None of these are unsolvable problems, to be sure. They just require a bit more intentionality than living alone or with just one or two other people. In those cases, if something is left out, it probably belongs to you, it’s your responsibility to deal with it, and you know where it should go (or at least feel empowered to make a decision on where it should go). And if you need to find something, you probably know where it is likely to be. In a co-op, we need concrete mechanisms to get us there. Here’s a few.

Labeling

First and foremost is labeling. Get yourself a labelmaker and go to town. Drawers, cabinets, shelves, light switches, doors, you name it. Make it easy for you, new residents, and one-time guests to find stuff, be a bathroom or a glass of water. Perhaps more importantly, labels also tell people where things should get put away. Neither the dinner cook nor the dinner cleaner should have to guess where the colander comes from or goes back to: the cabinet labeled “Colanders”!

some straightforward examples from around my house some straightforward examples from around my house



Labeling can apply to individual items as well. One co-op I lived in named their storage area “Label Your Shit” and painted that label in large, colorful letters on the door. That way, owners of objects could be identified, even if they had already moved out. And if something wasn’t labeled, well, the current residents could dispose of it however they wanted. One co-op workshop that I’m aware of placed a matching alphanumeric label on both the tool and the spot where the tool goes. The pliers with the label A15 goes on the peg labeled A15. This can be particularly useful in a large or busy space. Maybe the A in A15 refers to a particular pegboard on the wall, which has a large, prominent letter A at the top that can be seen from across the room. The 15 then refers to a particular peg on that pegboard. Another co-op that I’ve seen accomplished a similar affect without any language-based labels at all. They simply drew outlines of each tool on their pegboard. Square shape goes in the square hole, simple as that (though this lacks the “which part of the room should I look for the square hole” aspect of the alphanumeric solution).

door later supplemented with even more specific labeling instructions door later supplemented with even more specific labeling instructions



Generally, I’ve seen co-operatives follow a pretty similar trajectory when it comes to labeling.

First, an initial round of labeling with painters tape, sticky notes, and sharpies.
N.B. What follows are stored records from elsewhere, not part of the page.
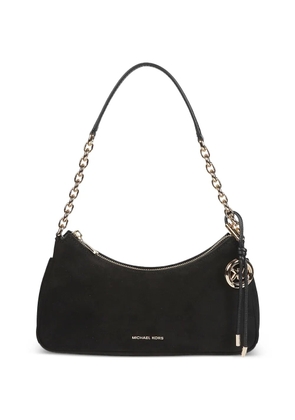 Michael Kors medium Nolita chain shoulder bag - Black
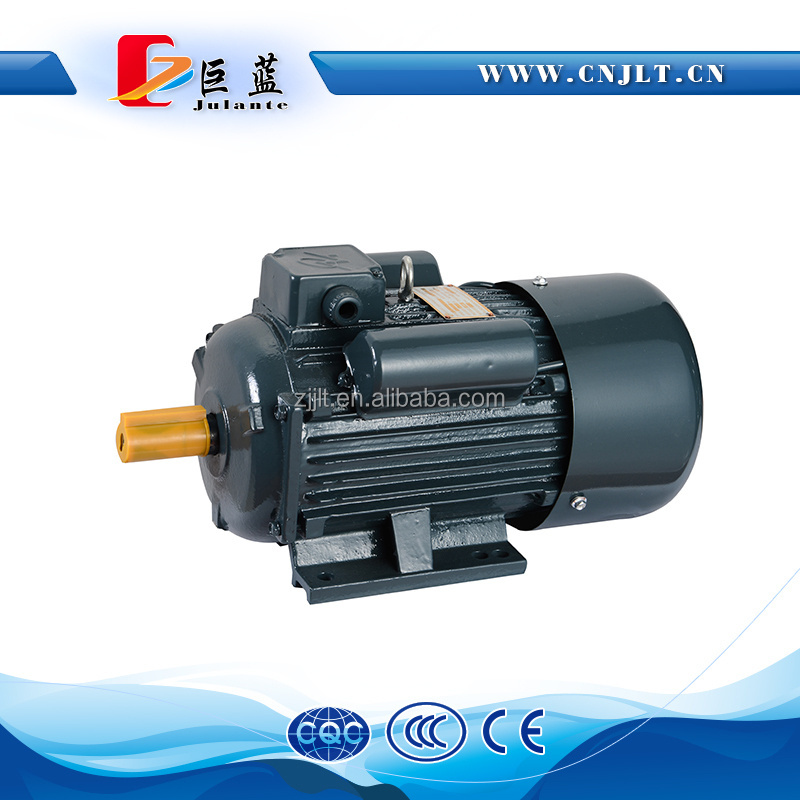 2.2KW 3HP 2800rpm single phase ac induction motor YC100L2-2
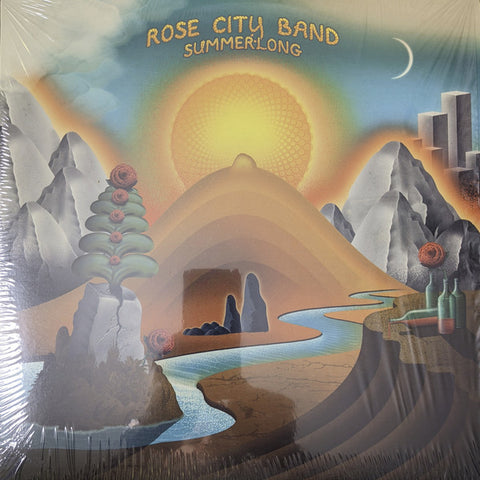 Rose City Band - Summerlong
This is particularly good in a new space — be it a brand new house, a recently build extension, or even just a new free-standing cabinet — where you aren’t quite sure where everything is going to go yet. If you end up deciding that mugs go to the left of the sink rather than the right, just peel off the tape and move it over! If you are unsure what objects should go where, try asking! Seriously, one co-op I know of gave guests sticky-notes and hand them place the notes where they expected to find a particular object. This guided the co-ops organizational decisions towards intuitiveness.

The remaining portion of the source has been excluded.